3) No room for growth. Here, I am a middle school teacher. I would like to eventually be an elementary teacher, but so far that possibility has been minimal. There are no departments or big committees that I can lead to gain experience and networks. They need me so badly in my current position that I am, essentially, trapped here unless they find another me. The very thought of not being able to move up, down, or even sideways is terrifying to someone like me, who thrives off of change and adaptation. I need to be able to get my feet wet with new things and gain experiences that will make me a bomb-ass teacher and help me down the road. I eventually want to be an administrator who is still in touch with the realities of working in a classroom, and the only way I can do that is to be in lots of classrooms-- not just one.
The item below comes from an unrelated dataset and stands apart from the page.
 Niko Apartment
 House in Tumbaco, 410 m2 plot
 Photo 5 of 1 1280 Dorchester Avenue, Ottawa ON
4) No retirement, partial benefits. Since I'm still under 26, I can skate by on my dad's health insurance for another few months. However, last year they cut dental and vision from our plans and I can't imagine that they magically found the funds to bring those back for us this year. Considering that I will soon need to be on my own plan, this is something I have to start thinking about (unless, of course, I get married, which isn't happening any time soon). Even though I'm under 30, failing to start retirement accounts early is what comes back to bite a lot of people in the butt. I took a few free community classes to learn about investing and retirement funds, and although a lot of it was over my head (I was only 23), the one thing I do remember is that you should start early. This current school has no plan for that, so when I was offered a matching 401(k), I had a hard time saying no.
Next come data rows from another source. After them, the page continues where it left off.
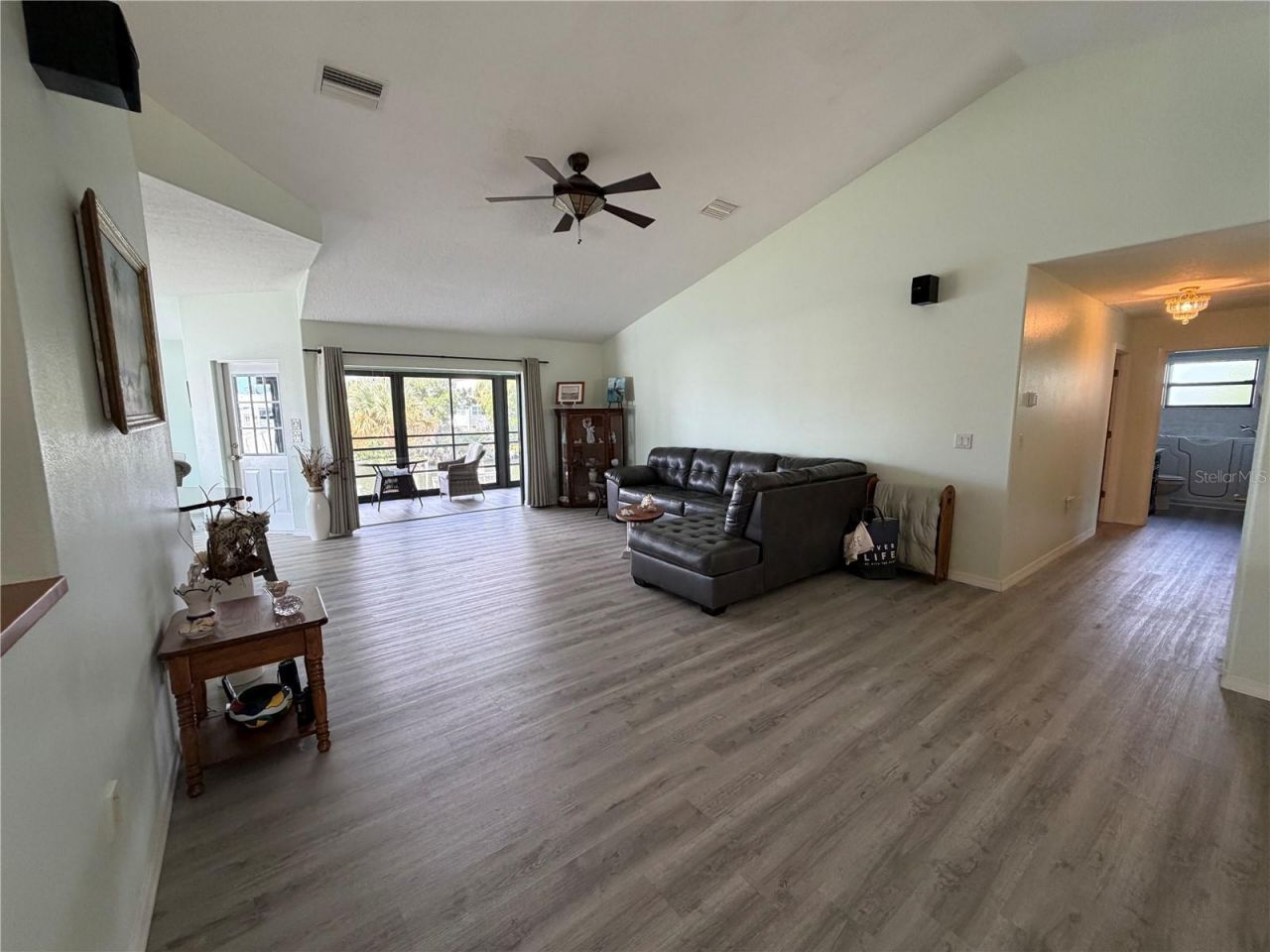 1610 NW 20th Avenue, Crystal River, FL 34428 Photo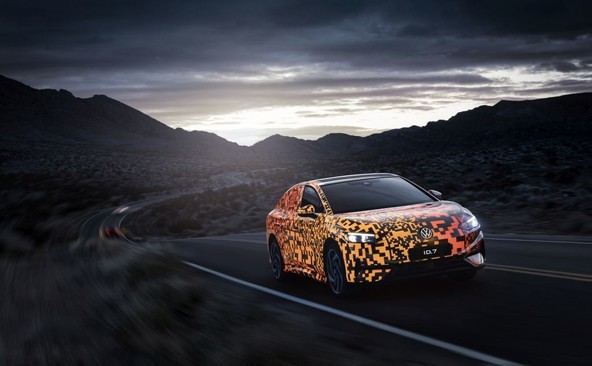 Na poti do svetovne premiere: Prva predstavitev nove limuzine ID.7 v digitalnem maskirnem videzu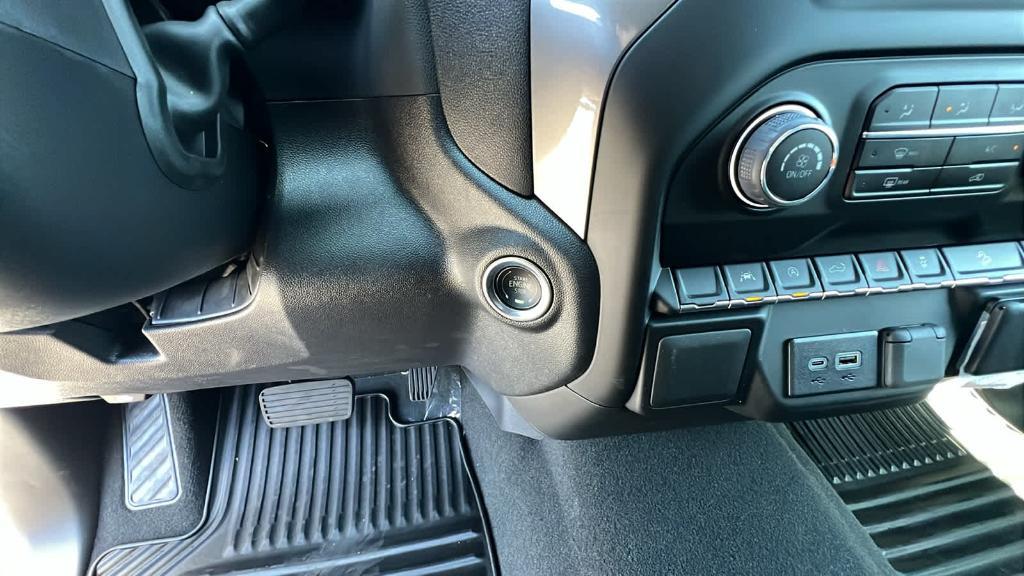new 2025 Chevrolet Silverado 1500 car, priced at $55,830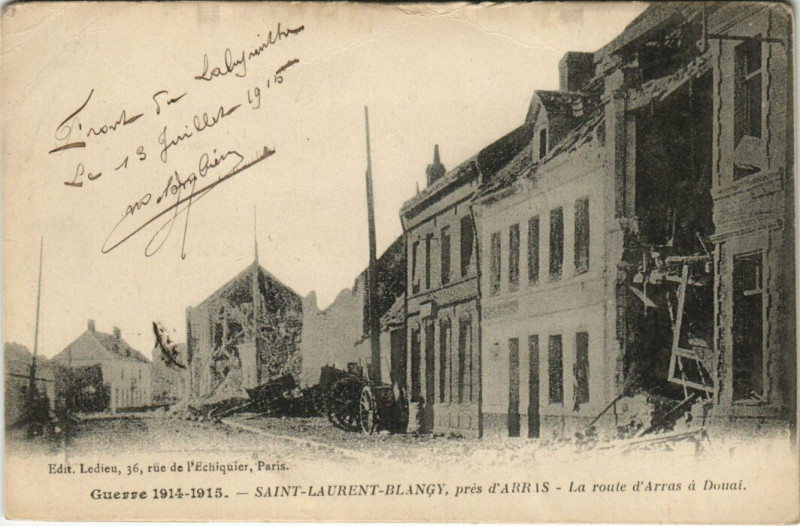 Carte postale ancienne Saint-Laurent Blangy - La route d'Arras a Douai à Saint-Laurent-Blangy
5) Salary. Nobody goes into teaching for the money. Nobody. Bigger charter schools pay more, though they are still usually below the state starting average. This is a small charter school that's not part of a bigger system. Living just a little bit above the poverty line is not okay when you've gone through college and are now putting yourself through grad school. My parents are wonderful and have told me time and again that if I need money, they're happy to help me out and I completely understand and appreciate that. But I want to be able to make it on my own, and that starts with being able to pay your bills....and also your kitten's vet bills when she starts having uncontrollable diarrhea (yep, it happened).

Did you notice how salary was last? These are my reasons, though I know there are folks out there who have found opportunities elsewhere who could tell you lots more about why they left. I love my students. I love teaching. I love my coworkers. But if love was enough, teachers would never leave. Nobody would, everyone would stay. At the end of the day, the things that are irreplaceable are the things that really matter: your health, your family, your sanity, your faith. When these things start being compromised, it's time to reconsider your path. It's not about reaching some career end-goal, it's about all the things you learn along the way. If, at the end of it, you've stopped loving yourself and what you do and who you work with, what's the point? So yes, I am leaving my first classroom and my first students because I love them dearly...but I have to remember to also love myself, and that means not losing my sanity along the way.